◆ **Prompt**:
Please reproduce the listing below exactly, leaving out every picture.

◆ **Information provided**:
+ + +

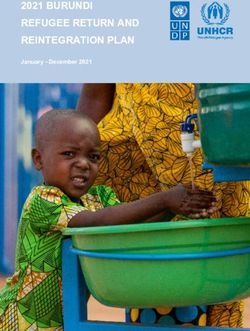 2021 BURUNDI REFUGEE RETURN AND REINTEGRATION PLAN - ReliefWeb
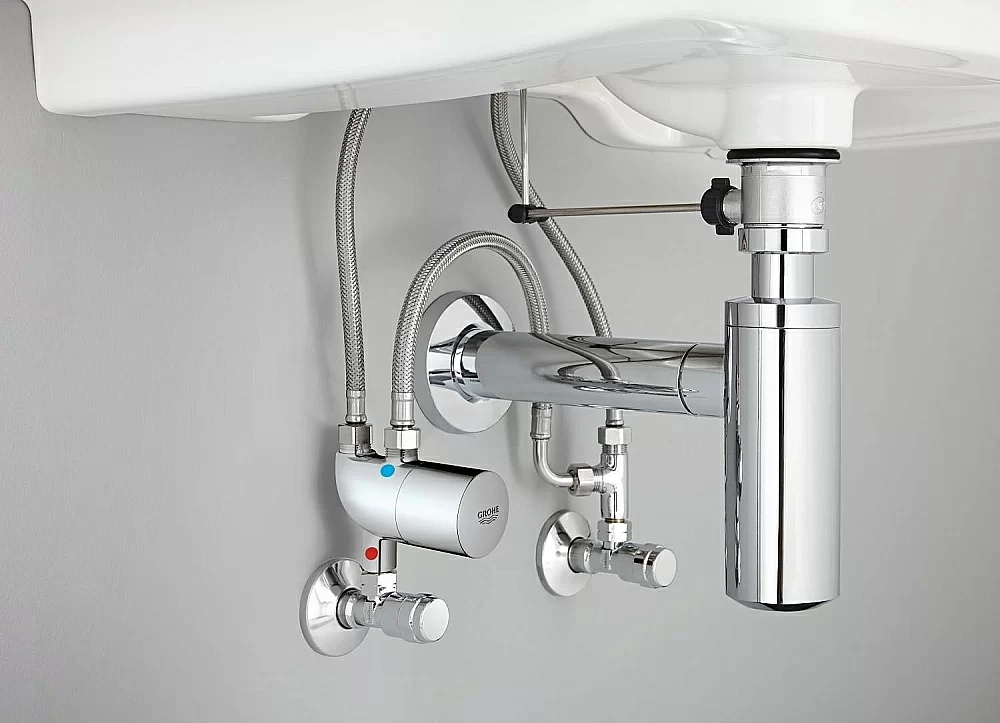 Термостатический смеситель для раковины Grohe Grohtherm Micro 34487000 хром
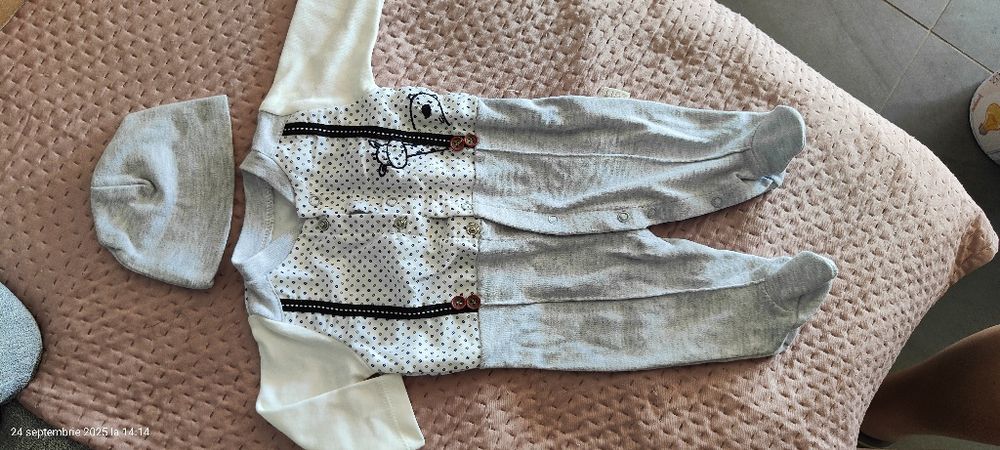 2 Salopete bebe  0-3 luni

+ + +

◆ **Final answer**:
 2021 BURUNDI REFUGEE RETURN AND REINTEGRATION PLAN - ReliefWeb
 Термостатический смеситель для раковины Grohe Grohtherm Micro 34487000 хром
 2 Salopete bebe  0-3 luni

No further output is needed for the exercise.